Tribune libre - Réflexions sur la Communauté européenne de Défense
Le traité signé à Paris le 27 mai 1952 est né de la réaction provoquée en France par la décision de réarmer l’Allemagne prise par 10 voix contre une au Conseil de l’Atlantique de septembre 1950 et du désir de limiter au maximum les dangers qui pourraient en résulter.
C’est cette dernière préoccupation qui a dominé sa conception et sa rédaction. Elle est à l’origine d’un excès d’intégration et de contrôle qui nuira au bon fonctionnement des institutions projetées. Il est alors curieux de constater que l’une des principales objections opposées au traité a consisté à le présenter comme devant fatalement devenir un instrument d’hégémonie militaire allemande et que les tenants de cette opinion en arrivent à lui préférer le risque que l’on voulait précisément éviter, la reconstitution d’une Wehrmacht indépendante et fatalement incontrôlée.

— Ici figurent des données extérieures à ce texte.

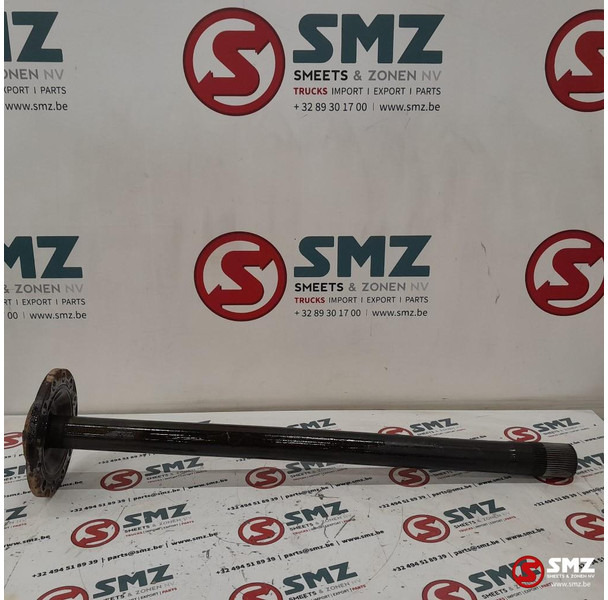 Iveco Occ steekas zonder sper Iveco - Ramme/ Chassis for Lastebil: bilde 1 Iveco Occ steekas zonder sper Iveco - Ramme/ Chassis for Lastebil: bilde 1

Les adversaires de tout réarmement allemand sont plus logiques avec eux-mêmes quand ils considèrent que le péril essentiel reste en Allemagne. C’est la thèse, intéressée, des communistes, mais c’est aussi celle de beaucoup d’excellents Français qui réalisent difficilement les modifications capitales intervenues dans la notion même de défense nationale, du fait de l’apparition du totalitarisme soviétique. Nous avons été élevés, nous avons vécu et combattu dans l’idée que notre indépendance et notre existence nationales exigeaient que nous soyons toujours prêts à défendre nos frontières et nos territoires contre les entreprises d’un agresseur étranger. C’est dans ce dessein que nous avons créé, entretenu, mobilisé et fait combattre nos armées et que, contre l’envahisseur, tout le pays, à part quelques traîtres, faisait bloc. Aujourd’hui, ce ne sont plus nos frontières et nos territoires qui sont menacés, mais notre civilisation, notre culture, notre pensée, notre conception de l’homme et de sa dignité — les droits de l’individu dans la nation, en un mot notre liberté ou, si l’on préfère, nos libertés. Elles le sont par les théories et les systèmes philosophiques qui animent les régimes totalitaires et qui tendent à faire de l’homme un robot au service d’un État Moloch, monstrueux et tyrannique.